Machine-learning-based model and simulation analysis of PM2.5 concentration prediction in Beijing
-
-
Abstract
In recent years, the air quality in China has become a matter of serious concern. Among the available indicators for evaluating air quality, PM2.5 is one of the most important. It comprises a complex mixture of extremely small particles and liquid droplets emitted into the air, whose diameters are no more than 2.5 μm. Environments with a high PM2.5 index are extremely harmful to human health. Once inhaled, these particles can affect the heart and lungs and cause serious health problems. Air pollution is closely related to meteorological conditions such as wind speed, wind direction, atmospheric stability, temperature, and air humidity. With the development of various machine learning methods, deep learning models based on neural networks are increasingly applied in air pollution research. In this study, the temperature, humidity, wind velocity data at different pressure altitudes from 8 locations around Beijing and average of PM2.5 data in Beijing were analyzed and normalized.
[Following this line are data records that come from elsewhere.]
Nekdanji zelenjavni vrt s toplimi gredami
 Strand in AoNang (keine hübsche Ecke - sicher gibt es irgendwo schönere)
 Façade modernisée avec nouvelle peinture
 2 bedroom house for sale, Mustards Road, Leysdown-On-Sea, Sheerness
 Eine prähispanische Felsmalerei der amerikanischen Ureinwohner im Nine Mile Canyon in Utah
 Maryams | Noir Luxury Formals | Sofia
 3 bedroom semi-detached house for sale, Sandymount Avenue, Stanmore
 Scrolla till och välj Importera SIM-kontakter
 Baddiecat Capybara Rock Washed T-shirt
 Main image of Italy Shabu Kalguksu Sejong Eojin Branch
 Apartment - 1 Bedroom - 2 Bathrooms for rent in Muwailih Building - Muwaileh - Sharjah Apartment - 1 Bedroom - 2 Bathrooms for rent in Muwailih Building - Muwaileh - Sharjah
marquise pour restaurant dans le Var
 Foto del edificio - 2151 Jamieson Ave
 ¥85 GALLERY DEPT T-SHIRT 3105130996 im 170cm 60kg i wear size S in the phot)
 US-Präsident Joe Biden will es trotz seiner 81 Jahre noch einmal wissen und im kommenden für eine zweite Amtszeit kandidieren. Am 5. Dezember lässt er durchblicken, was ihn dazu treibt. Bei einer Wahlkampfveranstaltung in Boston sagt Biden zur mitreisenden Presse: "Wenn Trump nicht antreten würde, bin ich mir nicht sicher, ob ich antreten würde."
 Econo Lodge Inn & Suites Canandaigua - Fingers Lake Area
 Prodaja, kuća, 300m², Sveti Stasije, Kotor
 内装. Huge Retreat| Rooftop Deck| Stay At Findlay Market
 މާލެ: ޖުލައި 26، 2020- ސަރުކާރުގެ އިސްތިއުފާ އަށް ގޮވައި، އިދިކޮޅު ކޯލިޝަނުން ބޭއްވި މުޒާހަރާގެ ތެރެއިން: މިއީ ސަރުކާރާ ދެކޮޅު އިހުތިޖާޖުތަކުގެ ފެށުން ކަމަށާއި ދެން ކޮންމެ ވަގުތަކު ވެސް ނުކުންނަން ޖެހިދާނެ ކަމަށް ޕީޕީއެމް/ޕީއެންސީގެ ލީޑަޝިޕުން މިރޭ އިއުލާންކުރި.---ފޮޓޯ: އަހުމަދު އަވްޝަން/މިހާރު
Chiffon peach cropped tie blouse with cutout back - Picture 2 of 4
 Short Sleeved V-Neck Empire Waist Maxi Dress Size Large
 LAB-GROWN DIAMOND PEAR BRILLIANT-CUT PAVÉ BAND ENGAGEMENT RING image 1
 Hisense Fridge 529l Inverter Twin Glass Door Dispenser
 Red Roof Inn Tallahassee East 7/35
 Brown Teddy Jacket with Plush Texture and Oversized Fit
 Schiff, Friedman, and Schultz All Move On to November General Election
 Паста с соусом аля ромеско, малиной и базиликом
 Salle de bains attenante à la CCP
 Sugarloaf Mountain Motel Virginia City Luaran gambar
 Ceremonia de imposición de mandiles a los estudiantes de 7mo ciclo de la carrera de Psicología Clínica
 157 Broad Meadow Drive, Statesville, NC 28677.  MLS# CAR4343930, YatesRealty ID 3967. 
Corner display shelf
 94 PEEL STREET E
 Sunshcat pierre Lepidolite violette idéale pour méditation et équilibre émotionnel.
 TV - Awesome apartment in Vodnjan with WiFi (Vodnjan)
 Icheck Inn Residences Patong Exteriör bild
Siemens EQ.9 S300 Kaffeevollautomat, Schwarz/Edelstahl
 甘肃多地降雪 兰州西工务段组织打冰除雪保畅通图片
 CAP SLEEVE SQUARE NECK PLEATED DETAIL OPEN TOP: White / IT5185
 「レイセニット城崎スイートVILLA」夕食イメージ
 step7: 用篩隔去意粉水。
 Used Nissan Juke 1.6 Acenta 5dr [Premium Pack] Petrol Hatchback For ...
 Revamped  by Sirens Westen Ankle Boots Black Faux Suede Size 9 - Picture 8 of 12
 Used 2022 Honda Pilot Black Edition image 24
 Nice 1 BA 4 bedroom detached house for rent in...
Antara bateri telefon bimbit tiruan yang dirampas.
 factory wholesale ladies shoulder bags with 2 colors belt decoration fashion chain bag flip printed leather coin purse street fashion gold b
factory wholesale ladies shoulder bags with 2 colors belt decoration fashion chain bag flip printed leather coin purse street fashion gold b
Multi-dimensional data was ideal for research applications using machine learning methods. and three neural network models were built, including the back propagation (BP), convolutional neural network (CNN), and long short-term memory (LSTM) models, and trained them using the meteorological and PM2.5 data.The results indicate that the accuracies of the back propagation and convolutional neural network models in predicting the PM2.5 pollution level in the next hour is much lower than that of the long short-term memory model. The PM2.5 pollution index predicted for the next hour by the long short-term memory model is very close to the actual value. This result reveals the strong relationship between the PM2.5 pollution index of Beijing and the local meteorological conditions. The long short-term memory model is trained using meteorological data from different pressure altitudes, and found it to be more accurate in predicting pollution levels when using near-surface meteorological data than that obtained from multiple altitudes.
-
-